Instantly share code, notes, and snippets.

@ericgj
Last active February 11, 2016 20:58
Show Gist options
  • Star 0 You must be signed in to star a gist
  • Fork 0 You must be signed in to fork a gist
  • Save ericgj/e6b0259ee170ec7ffd07 to your computer and use it in GitHub Desktop.
Save ericgj/e6b0259ee170ec7ffd07 to your computer and use it in GitHub Desktop.
Diary

Simple database migrations

DB migrations without any adapter or ORM layer needed

Following a simplified version of the series by K. Scott Allen: http://blog.codinghorror.com/get-your-database-under-version-control/

With rollbacks added in.


9 Feb 2016

How (and if) to use commit/file hashes

On the surface of it, it seems to be a great idea. Make sure your local files are in sync with the ones committed to the database. Store the file hashes in the database together with the filenames.

Certainly with the non-transactional code files, at the very least it makes sense as an optimization. No need to re-create every stored procedure every time you do (a set of) migrations.

But with the transactional schema files, does it make sense? If the hashes don't match for an already-committed transaction .... what then? They shouldn't ever change. Rails migrations doesn't enforce this. It's just understood. You don't do it. It's a case of storing too much data ties you up in knots of useless states that never will occur in practice.

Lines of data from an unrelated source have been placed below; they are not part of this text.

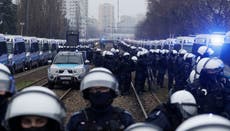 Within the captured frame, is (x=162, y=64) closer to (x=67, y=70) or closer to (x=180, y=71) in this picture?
(x=67, y=70)

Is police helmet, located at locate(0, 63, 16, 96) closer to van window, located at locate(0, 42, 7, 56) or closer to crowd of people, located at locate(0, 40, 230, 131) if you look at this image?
crowd of people, located at locate(0, 40, 230, 131)

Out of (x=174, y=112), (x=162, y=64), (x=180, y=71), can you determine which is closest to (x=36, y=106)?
(x=174, y=112)

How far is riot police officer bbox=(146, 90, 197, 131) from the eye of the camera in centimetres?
534

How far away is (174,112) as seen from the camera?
5.55 m

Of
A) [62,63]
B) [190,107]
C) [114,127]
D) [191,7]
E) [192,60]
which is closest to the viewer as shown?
[114,127]

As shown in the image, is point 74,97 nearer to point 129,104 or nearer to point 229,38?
point 129,104

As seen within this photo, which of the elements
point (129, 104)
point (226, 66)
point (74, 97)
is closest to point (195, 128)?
point (226, 66)

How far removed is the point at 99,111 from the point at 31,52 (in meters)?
40.3

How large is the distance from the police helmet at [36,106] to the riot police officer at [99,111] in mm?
620

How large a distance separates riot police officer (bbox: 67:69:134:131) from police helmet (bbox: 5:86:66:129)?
62 cm

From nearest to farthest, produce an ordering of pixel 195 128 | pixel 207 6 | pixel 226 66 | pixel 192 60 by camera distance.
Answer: pixel 195 128, pixel 226 66, pixel 192 60, pixel 207 6

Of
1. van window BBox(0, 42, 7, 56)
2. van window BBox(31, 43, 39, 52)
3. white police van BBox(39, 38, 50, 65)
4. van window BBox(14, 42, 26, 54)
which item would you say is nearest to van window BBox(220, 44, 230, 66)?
van window BBox(0, 42, 7, 56)

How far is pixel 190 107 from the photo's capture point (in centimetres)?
567

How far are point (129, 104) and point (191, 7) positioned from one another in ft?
110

A more significant issue with transactional files, however, is if you get an uncommitted transaction coming in with a timestamp before the current version of the database. I think you need at least a warning to the user in this case. It's easy to imagine this happening with a bunch of devs working on the same repo in different timezones, for instance.

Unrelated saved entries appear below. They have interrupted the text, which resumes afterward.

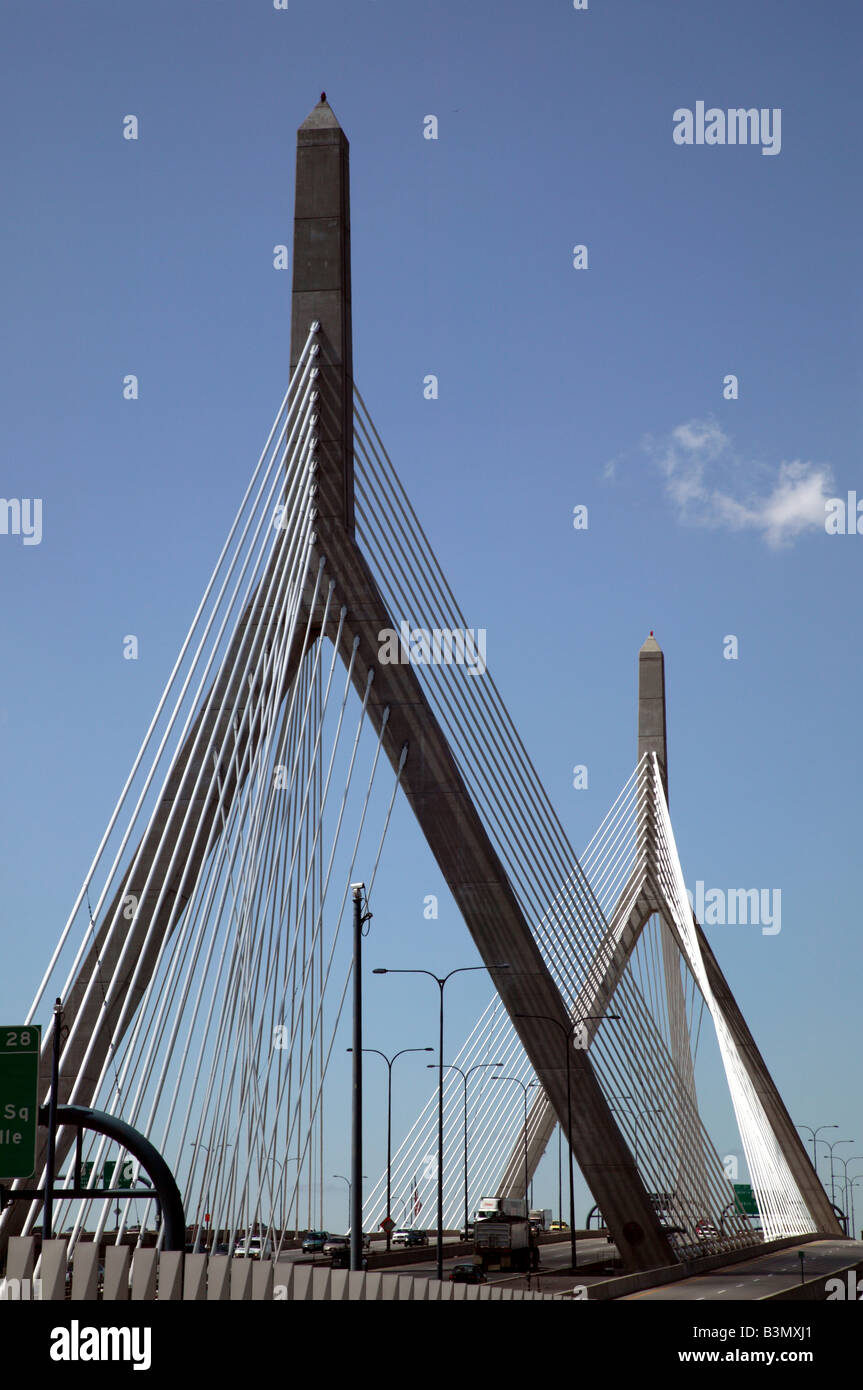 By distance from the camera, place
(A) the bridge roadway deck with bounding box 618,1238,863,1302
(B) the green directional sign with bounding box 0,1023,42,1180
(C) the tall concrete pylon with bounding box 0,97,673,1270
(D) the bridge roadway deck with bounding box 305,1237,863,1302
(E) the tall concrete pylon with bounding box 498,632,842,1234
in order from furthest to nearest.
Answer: (E) the tall concrete pylon with bounding box 498,632,842,1234 → (A) the bridge roadway deck with bounding box 618,1238,863,1302 → (D) the bridge roadway deck with bounding box 305,1237,863,1302 → (C) the tall concrete pylon with bounding box 0,97,673,1270 → (B) the green directional sign with bounding box 0,1023,42,1180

This suggests that the database should track transactional files as well -- at least by name, if not by hash of their contents.

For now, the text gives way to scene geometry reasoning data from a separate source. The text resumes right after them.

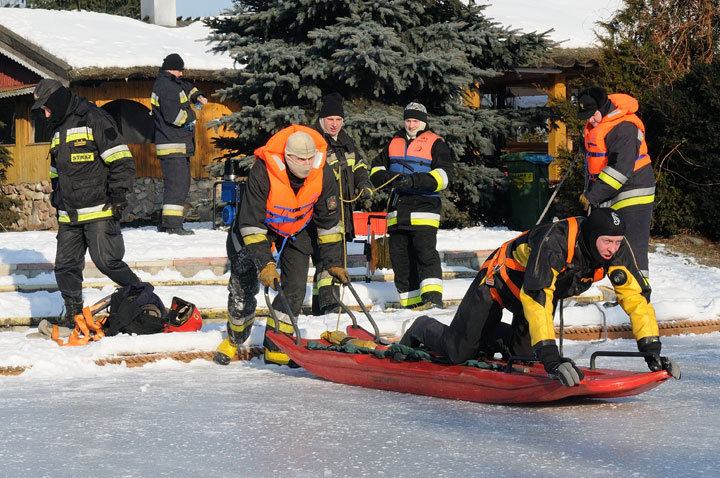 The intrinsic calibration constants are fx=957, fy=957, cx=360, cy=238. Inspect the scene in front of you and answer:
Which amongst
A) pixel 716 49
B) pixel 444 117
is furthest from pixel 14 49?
pixel 716 49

So the migration process -- let's call it "sync" rather than "do" -- looks like this.

1. 
  1.1. Grab names and hashes of all local "transaction" files and "stored" files.
  1.2. Grab names and hashes of latest files as stored in database.
  1.3. Grab current version (timestamp) of database.

2.
  2.1. Compare the two transaction file lists (matched by name), sorting files into
         - committed (matching) files
         - uncommitted (unmatched in db) files after the current version of database
         - uncommitted (unmatched in db) files before the current version
         - missing (unmatched local) files          
  2.2. Compare the two stored file lists (matched by name and hash), sorting into
         - identical (matching) files
         - updated (identical name, different hash) files
         - new (unmatched in db) files
         - missing (unmatched local) files
         
3. From these lists, compile 
  - current version of database
  - transaction files to execute (uncommitted after current version)
  - stored files to execute (updated and new)
  - warnings for the other lists

4. Prompt the user to proceed or cancel, reporting any warnings

5. Execute
  5.1. Each transaction file in order + update database version
  5.2. Each stored file in order  *note*

Note: Alternatively the stored files could be updated on each migration (before updating dbase version). However, besides being inefficient, I think it is unclear which "version" (timestamp) the stored files belong to, if there is more than one migration to execute. This does leave open the bad possibility that all the migrations are run, and the database version updated, but the stored file update fails. What then? Perhaps the best solution is to run the stored file update within the final transaction-file update, i.e. before the final database-version update. In other words, consider that the current state of the stored files depends upon the state of the database after the last new migration to be run.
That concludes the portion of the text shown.